Une analyse complète du génome de l’homme de Néandertal, réalisée en 2010, a révélé que nos ancêtres se sont croisés avec cette espèce disparue il y a plus de 30 000 ans. Aujourd’hui, environ 4 % de l’ADN de certaines populations humaines témoignent de cet héritage génétique.
Le professeur George Church, de l’université Harvard, avait déjà suggéré en 2013 qu’il serait théoriquement possible de créer un clone en assemblant des fragments du génome néandertalien dans une cellule souche.

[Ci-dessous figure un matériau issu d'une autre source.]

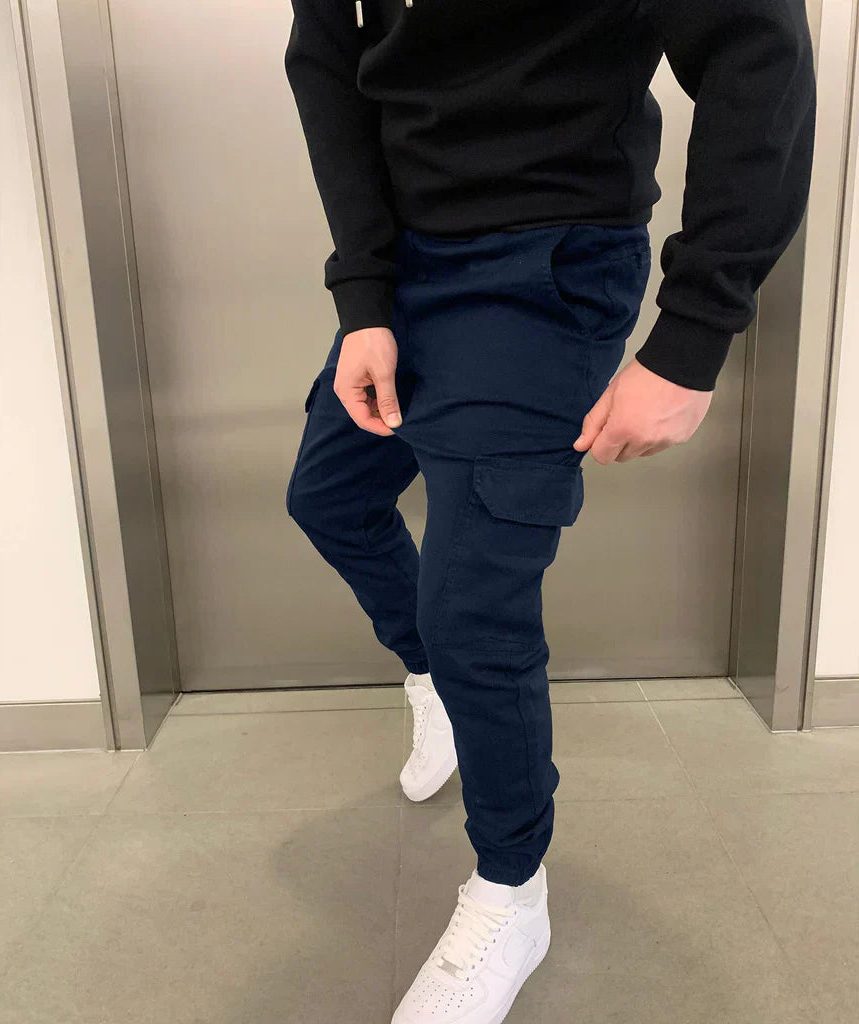 Cargo Joggers with Tapered Ankle for Men - View 8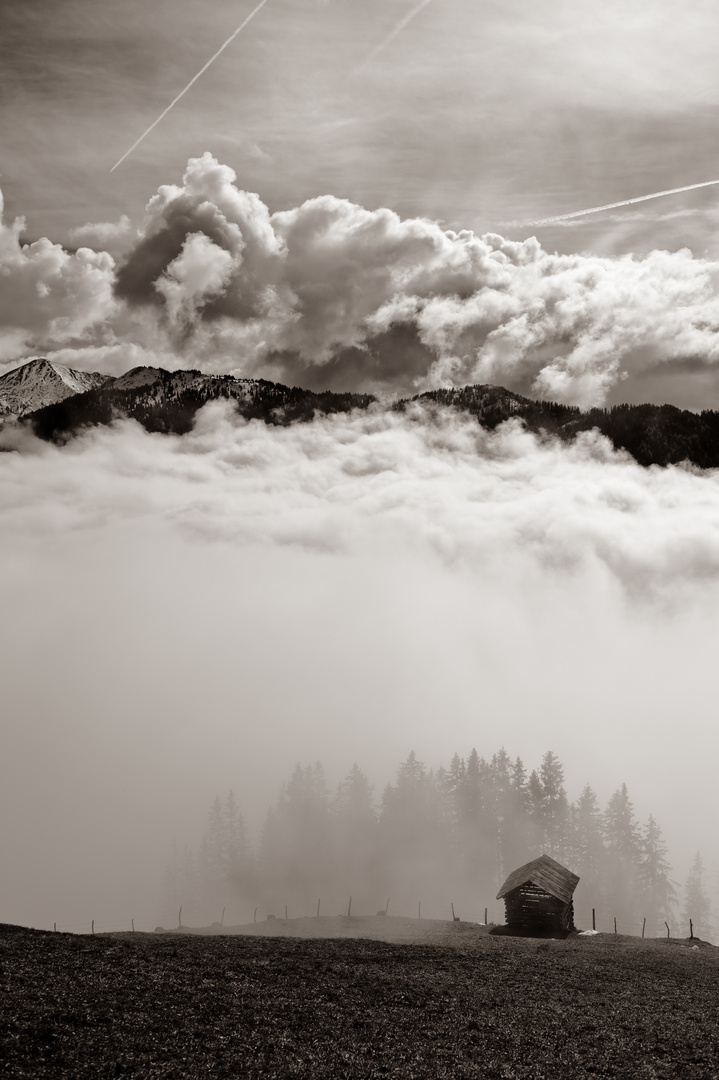 Berge im Nebel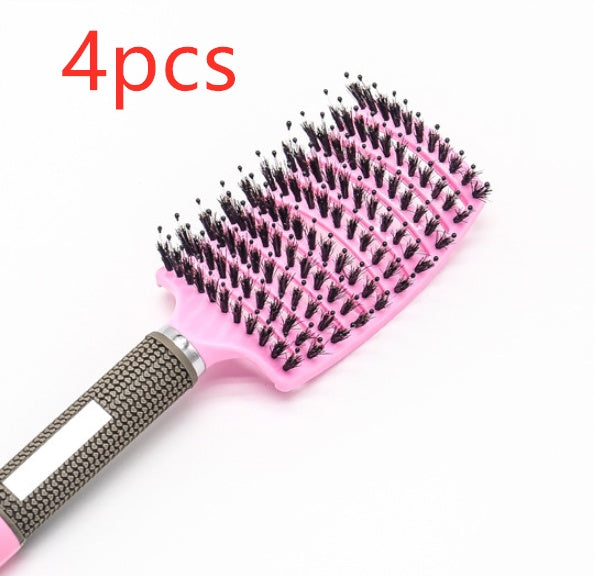 Hairbrush Anti Klit Brushy Haarborstel Women Detangler Hair Brush | LUXETHREAD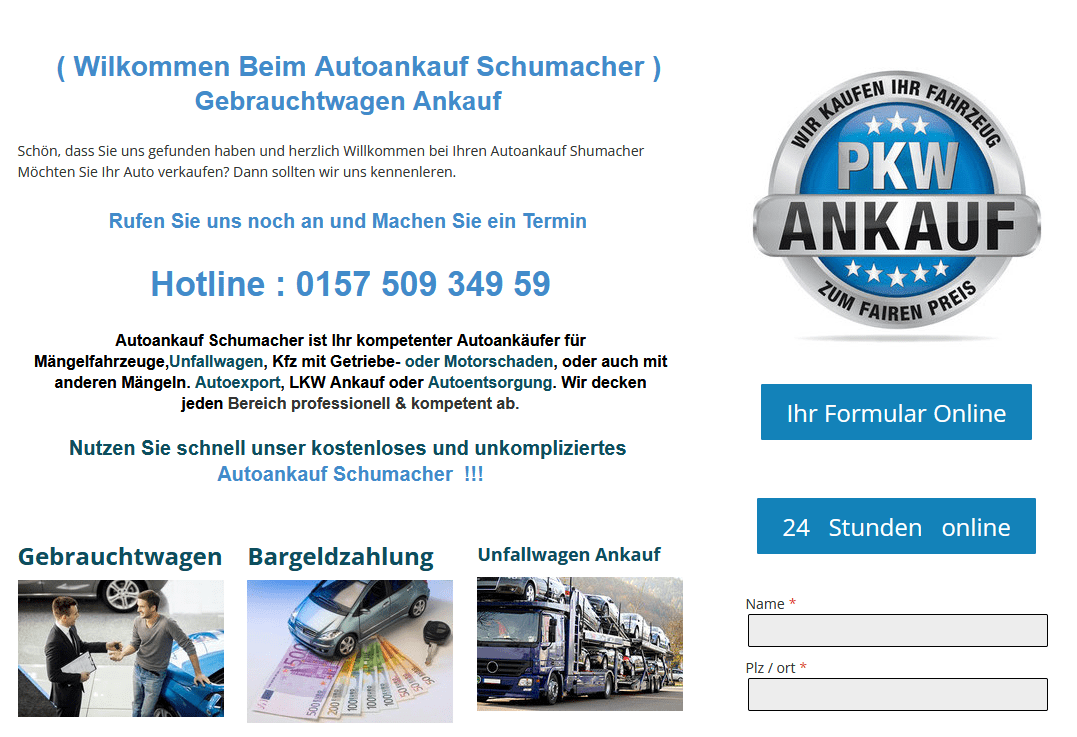 Vorteile von Autoankauf Bad Homburg - Rundum Service beim Autoverkauf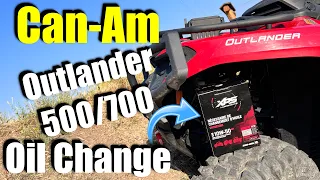 Quick Oil Change Can-Am Outlander 500 / 700 / How To Change The Oil On A New Can-Am Outlander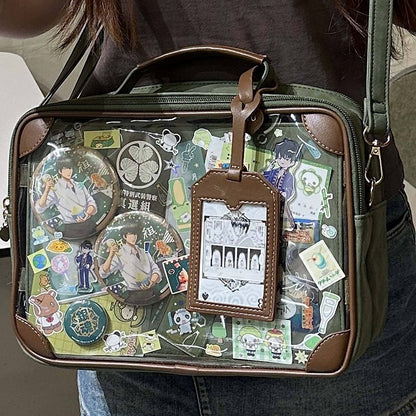 Bear Ita 9 Colors Charm Bag Embroidered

Sa société, Colossal Biosciences, a annoncé des projets ambitieux de « résurrection » d’espèces disparues, comme le loup géant d’ici 2025, le dodo et le mammouth laineux.
Cependant, l’anthropologue biologique Jennifer Raff, de l’université du Kansas, tempère cet optimisme. Selon elle, l’introduction de gènes néandertaliens dans un ovule humain ne suffirait pas à surmonter les incompatibilités biologiques. Le système immunitaire représente un obstacle majeur : les grossesses inter-espèces échouent fréquemment en raison du rejet du fœtus par l’utérus.
Cette incompatibilité expliquerait pourquoi seulement 4 % de l’ADN néandertalien persiste dans certaines populations actuelles. La sélection naturelle a probablement éliminé les fragments génétiques non bénéfiques. Une découverte récente renforce cette hypothèse : le chromosome Y humain ne contient aucune trace génétique néandertalienne, suggérant une incompatibilité fondamentale entre les fœtus mâles et les mères.
Des variations génétiques au niveau des globules rouges pourraient également expliquer les taux élevés de fausses couches chez les hybrides.
Au-delà des défis biologiques, le clonage se heurte à un problème fondamental : l’absence de cellules vivantes de Néandertal. L’extinction remontant à des dizaines de millénaires, aucun échantillon viable n’existe. La technologie CRISPR, qui permet de modifier le génome de cellules modernes, offre une alternative, mais les créatures ainsi obtenues ne seraient que des animaux contemporains avec quelques modifications génétiques.
Les contraintes techniques actuelles limitent les modifications simultanées à une vingtaine ou une cinquantaine. Hank Greely, directeur du Centre de droit et de biosciences à Stanford, estime qu’un enfant doté d’un génome complet pourrait naître d’ici vingt ans, mais souligne que la faisabilité technique ne justifie pas l’action.
Les considérations éthiques s’imposent comme une barrière infranchissable. Jennifer Raff qualifie cette idée de
« l’une des choses les plus contraires à l’éthique ». Quels seraient le statut et les droits d’un individu créé artificiellement ? Comment garantir son bien-être psychologique dans un monde totalement étranger ? Qui assumerait la responsabilité de son éducation et de son intégration sociale ?
Créer délibérément un être condamné à l’isolement, dépourvu de culture, de langue ou de communauté d’appartenance, relèverait d’une expérimentation cruelle. Les cadres juridiques actuels ne prévoient aucune protection pour de telles situations. La frontière entre progrès scientifique et arrogance devient particulièrement ténue lorsqu’il s’agit de manipuler l’existence d’êtres conscients.
La capacité technique de réaliser un tel projet ne devrait jamais supplanter la réflexion éthique préalable sur sa pertinence.